Beef and Water Chestnut Cakes with Chili Dip

Beef and Water Chestnut Cakes


  • 1 lb. (0.450 kg) lean ground beef
  • 1⁄2 cup (125 mL) water chestnuts, drained
  • 1⁄4 cup (60 mL) green onion, chopped
  • 1 tbsp. fresh ginger, minced
  • 1 tbsp. chili sauce (such as Sambal Oelek*)
  • 1 tbsp. soy sauce (optional-Coconut Aminos for soy-free option)
  • Pinch of salt
  • Vegetable oil for frying
Chili Garlic Dipping Sauce


  • 12 red chilis, seeded, minced
  • 6 cloves garlic, coarsely chopped
  • 1⁄4 cup (60 mL) fresh lime juice
  • Pinch of salt


  1. For cakes, place all ingredients other than beef in a food processor and pulse just until combined.
  2. In a large bowl, gently mix water chestnut mixture into beef.
  3. Using about 1 heaping tbsp. for each, form beef into approximately 30 balls.
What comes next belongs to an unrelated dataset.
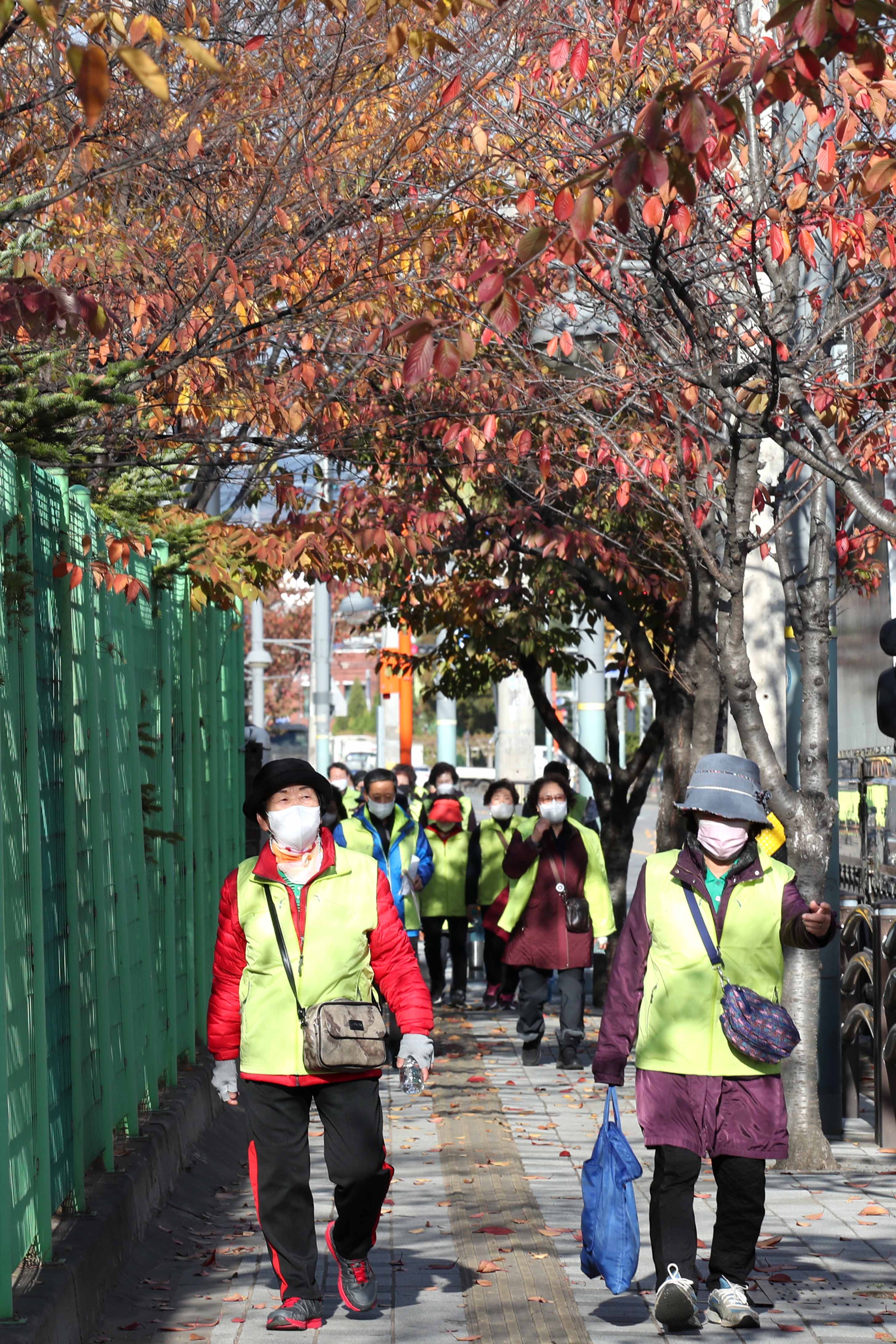 20211113_송림6동_함께하는_마을_둘레길_걷기14.jpg 이미지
Flatten slightly to make a 1⁄2-inch thick patty. Cover with plastic wrap and refrigerate for one hour.
  4. For sauce, combine all ingredients and pulse in food processor until smooth.
  5. Heat 2 tbsp. of vegetable oil in a frying pan. Cook beef patties until golden brown on each side, and cooked through.
  6. Serve warm with chili garlic dipping sauce.

* When using packaged ingredients, always carefully check labels for allergens.